A New York company called Health Street is taking DNA paternity testing to the streets of NYC in a new mobile DNA testing clinic housed in a 28-foot RV and emblazoned with the provocative slogan, Who’s Your Daddy?
Is demand for DNA high enough to justify the costs of keeping a Winnebago on the road? There seems to be, considering that DNA testing is on the rise in the U.S., reaching nearly 500,000 samples tested each year. New Jersey has introduced an amendment to their Parentage Acts bill requiring mandatory paternity testing of all infants at birth. In child support cases, DNA test results are increasingly used as evidence whenever there is a question of paternity.

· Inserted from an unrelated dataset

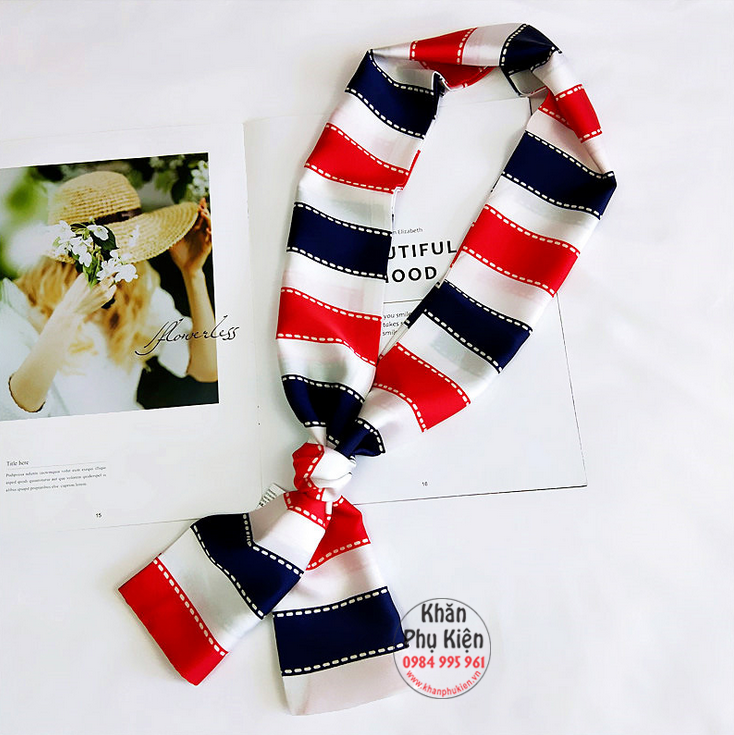 Khăn Quàng Cổ Lụa Satin Họa Tiết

To get tested, passersby simply flag down the Winnebago. DNA samples are then taken by a technician, packaged and sent to a laboratory in Ohio; results are returned within a few business days. Customers must have a prescription from their physician to get tested, but this can be faxed or emailed to the RV. Health Street also offers a full plate of other genetic testing options.

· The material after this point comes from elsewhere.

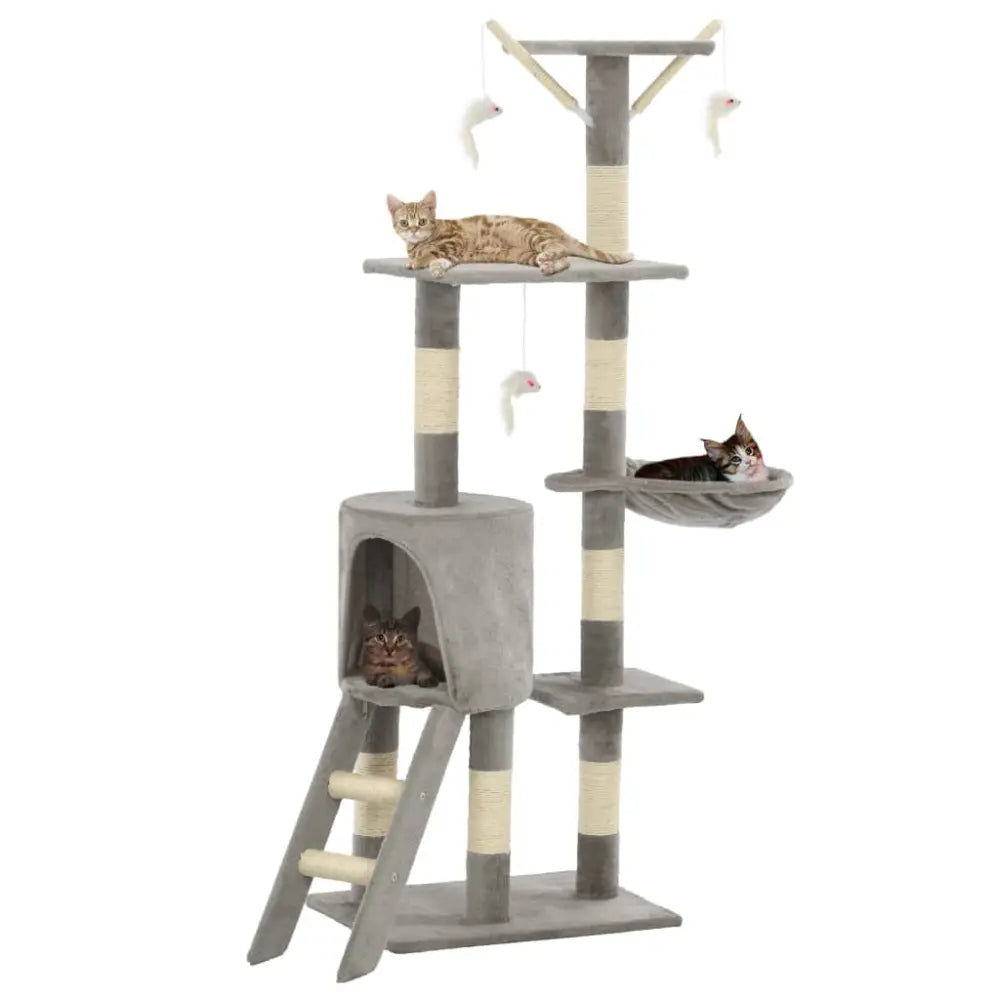 Vidaxl cat tree with sisal scratching posts 138 cm grey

Jared Rosenthal, founder of Health Street — and official driver of the RV — is proud to bring DNA testing to street level. Among the people affected by his service: Two women who learned they were half-sisters, and confirming a man’s suspicion that he might be the father of a friend’s daughter.

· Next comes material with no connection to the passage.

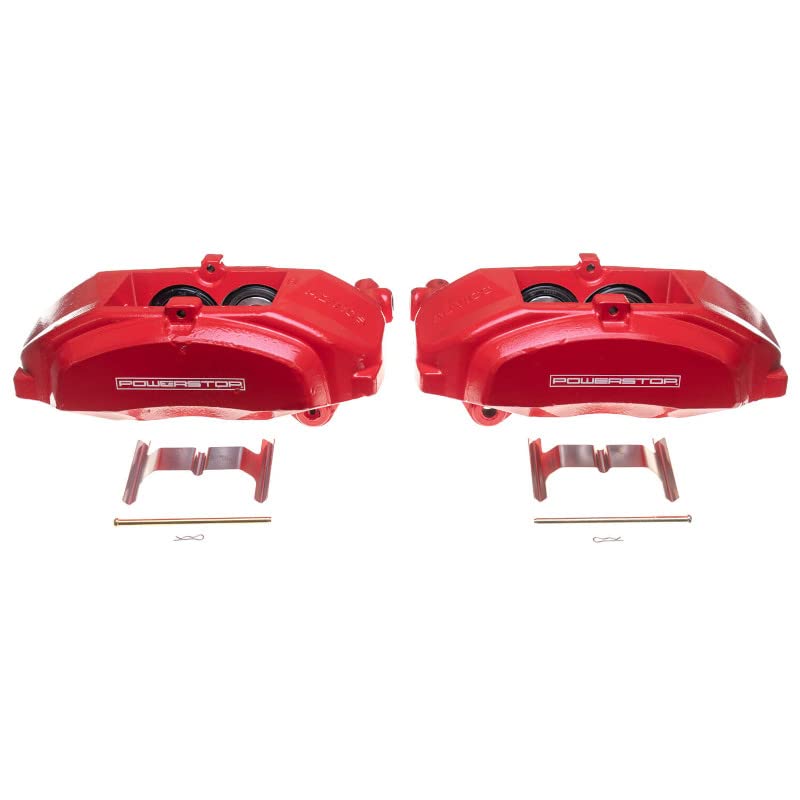 Power Stop Pair of High-Temp Red Powder Coated Front Calipers S3336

“DNA really gets at a person’s identity, it gets to the core of their identity, who your parents are, who your children are, how you define yourself ethnically and culturally,” Rosenthal tells ABC News. “The RV is a little more intimate than a clinic, clients tend to talk more they tell us things, we experience some of these life-changing moments with them.”
Just who’s getting tested? Health Street says typical customers include engaged men confirming the paternity of children from prior relationships, returning soldiers making sure newly-born children are theirs, and women inquiring about who fathered their child. All of these situations, besides carrying deep emotional consequences, could also lead to child support disputes depending on what DNA results show.
The reaction so far to DNA testing RV-style seems to be mixed. Some see quick and readily available testing is a boon, but many question whether people are psychologically prepared for their results — especially if the answer is not what they were hoping for.